Carriers are making moves as well as shippers. One example: Mediterranean Shipping Company’s Santana service previously sailed from Asia to Tacoma. In November, MSC switched the service to the East Coast: from Asia to Charleston and New York via the Panama Canal. The Santana service will add a Houston call starting next month.

East Coast vs West Coast

Pre-pandemic, imports from Asia were trending toward the East Coast. One driver was the West Coast labor dispute in 2014-15, which prompted importers to diversify their networks. Another was the expansion of the Panama Canal in 2016, allowing much larger container ships to call at Atlantic and Gulf ports. Complementing those two drivers was the fact that most of the U.S. population lives in Eastern states.

During a 2020 interview with American Shipper, Deutsche Bank transportation analyst Amit Mehrotra maintained that the pull of the East Coast was a secular trend. “Keep in mind that 60% of the population lives east of the Mississippi,” he explained. “At the end of the day, if you come into the West Coast, you’re going to have to rail a lot of it east, to where the demand centers are.

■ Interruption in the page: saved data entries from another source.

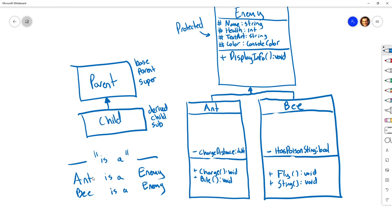You may hear this described as an 'is-a' relationship: Ant is an Enemy, Bee is an Enemy. This is a handy way to think about inheritance — we're creating specialized types of something else. If in English you can say 'something is a something else,' that's a hint that inheritance might be a good option for solving the problem.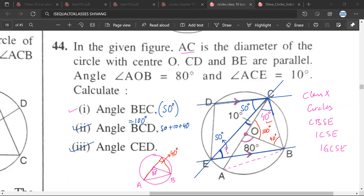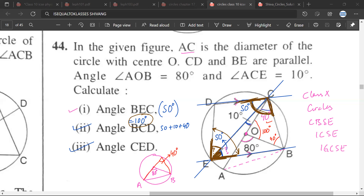Next, angle CED. This is a cyclic quadrilateral, so opposite angles sum to 180 degrees. We have already found angle BCD, which is 100 degrees. Therefore, angle CED would be 80 degrees. We also already know this angle is 50 degrees.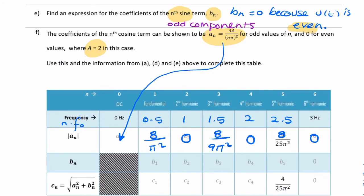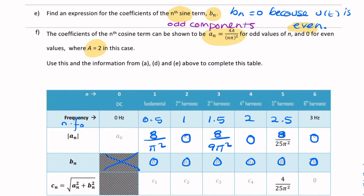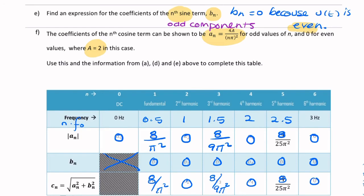The bₙ terms we've already established are all 0. Note that b₀ doesn't exist — the Fourier series expansion only has an a₀, not a b₀. So we put 0 in that column. Finally, for the compact harmonic representation cₙ, we can simply substitute aₙ and bₙ. Since bₙ is 0, cₙ equals aₙ, so we just carry those numbers across. And there you have it — that's the answer to this question.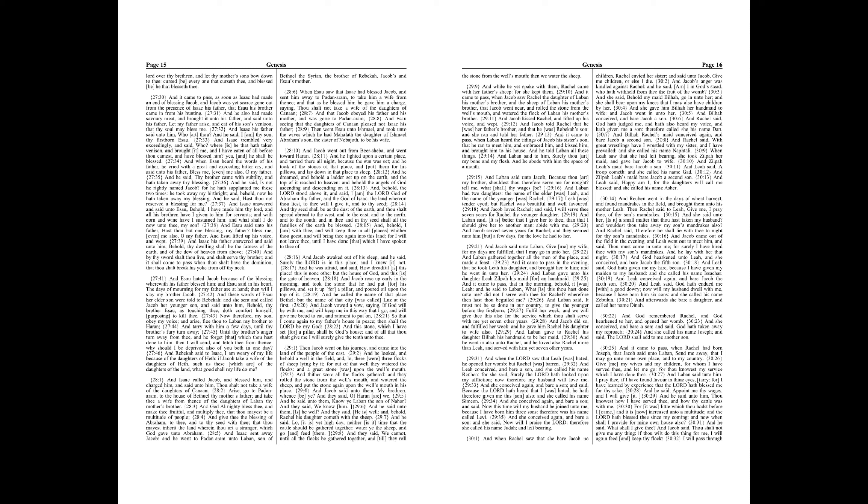And behold, the Lord stood above it, and said, I am the Lord God of Abraham thy father, and the God of Isaac, the land whereon thou leest to thee will I give it, and to thy seed. And thy seed shall be as the dust of the earth, and thou shalt spread abroad to the west, and to the east, and to the north, and to the south. And in thee and in thy seed shall all the families of the earth be blessed.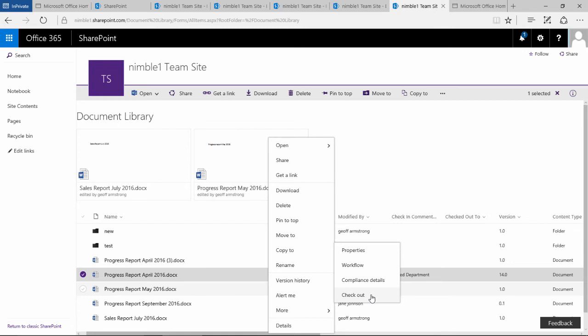So there is an override, but obviously someone would have to request that. The plus side of checking things out is, as I said, people can't make a change to what you've got checked out, and the other part of having a document checked out is that the changes that you make are private. Only you can see those changes.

“With the expansion of the Panama Canal and the port projects on the East Coast that allow for bigger ships, and with the majority of the population in these states, it disproportionately favors the East Coast ports.”

That secular trend was interrupted by COVID, which flipped the balance of power back to the west.

Passenger planes were grounded, slashing air cargo capacity. Air freight rates spiked at the very time locked-in Americans accelerated their use of e-commerce. Importers needed goods faster to accommodate surging consumer demand. Some that had previously used air shifted to premium, high-speed trans-Pacific ocean service. Others that had previously favored the East Coast switched to LA/LB to save two weeks in transit time.


Now, the West Coast’s transit-time advantage has largely evaporated, offset by multi-week waits for berths. According to the Marine Exchange of Southern California, there were 94 container ships waiting for LA/LB berths as of Thursday. Thirteen of those ships had been waiting for a month or more. The vessel Wan Hei 516 had been waiting for more than two months, since Oct. 14.

Chart: American Shipper based on data from Marine Exchange of Southern California

According to new data from Shifl, average transit time from China to New York is now actually lower than from China to Los Angeles.

Advantage East Coast, yet again.

According to McCown, “The loads they are switching are destined for eastern points and the widely reported congestion at West Coast ports has made the additional time and uncertainty of intermodal moves across the country less attractive.

“Those decisions are made easier by the fact that linehaul transportation costs of moving containers to most eastern points are typically much lower with all or more vessel service to the East/Gulf Coasts compared to rail cross-country intermodal service via the West Coast.”